### Short text fragments from websites
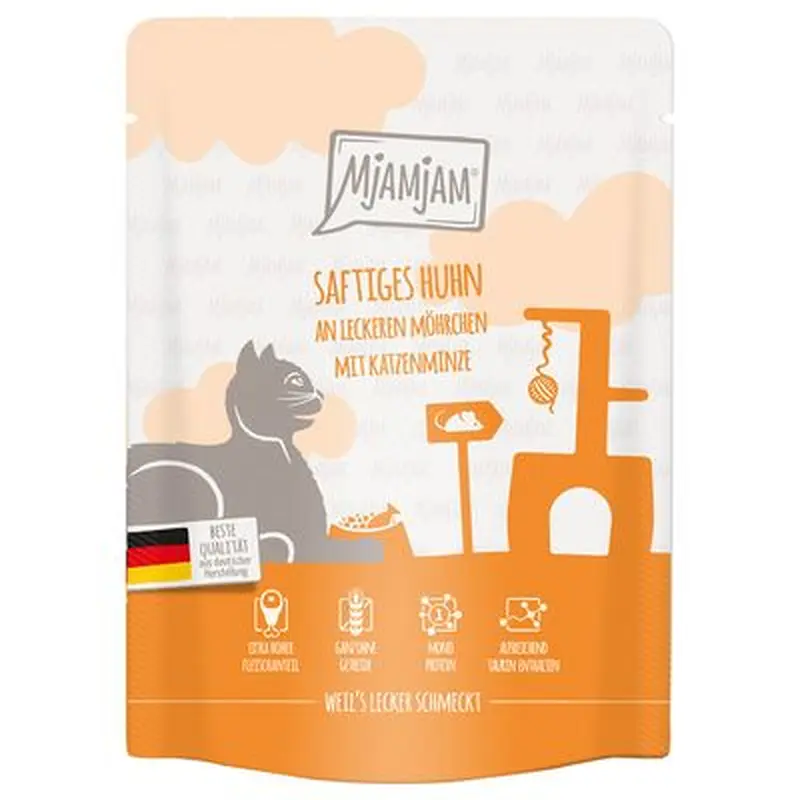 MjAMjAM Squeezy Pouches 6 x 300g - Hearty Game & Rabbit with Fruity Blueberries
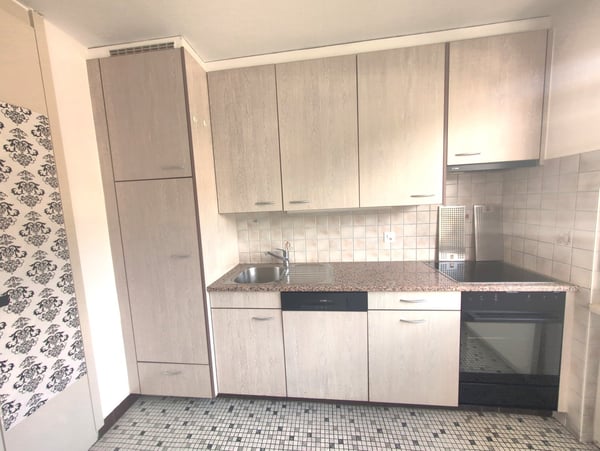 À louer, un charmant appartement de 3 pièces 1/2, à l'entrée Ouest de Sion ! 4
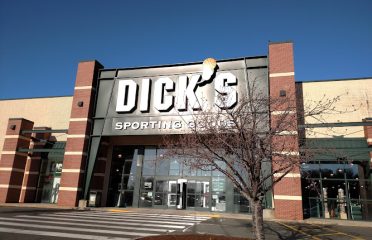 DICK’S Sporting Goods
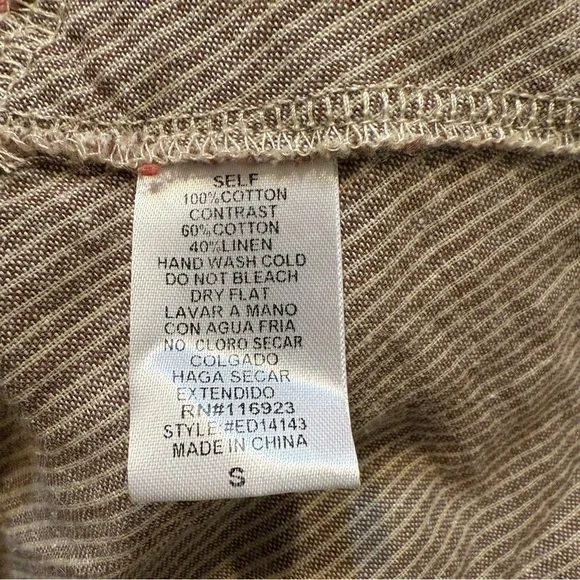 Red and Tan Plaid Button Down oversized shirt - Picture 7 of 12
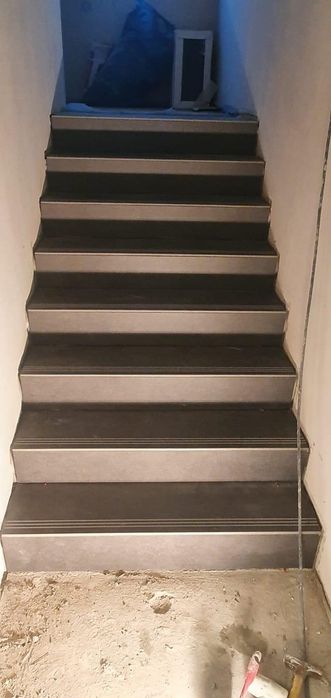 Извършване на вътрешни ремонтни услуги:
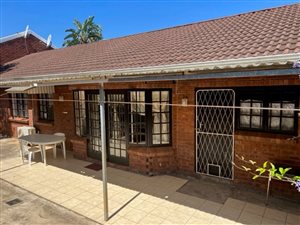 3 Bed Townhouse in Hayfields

### REQUIRED ACTION
The answer must consist solely of the lines from the line containing "Извършване на вътрешни" to the end of the data, reproduced exactly, with every picture left out.

### SOLUTION TO THIS PROBLEM
 Извършване на вътрешни ремонтни услуги:
 3 Bed Townhouse in Hayfields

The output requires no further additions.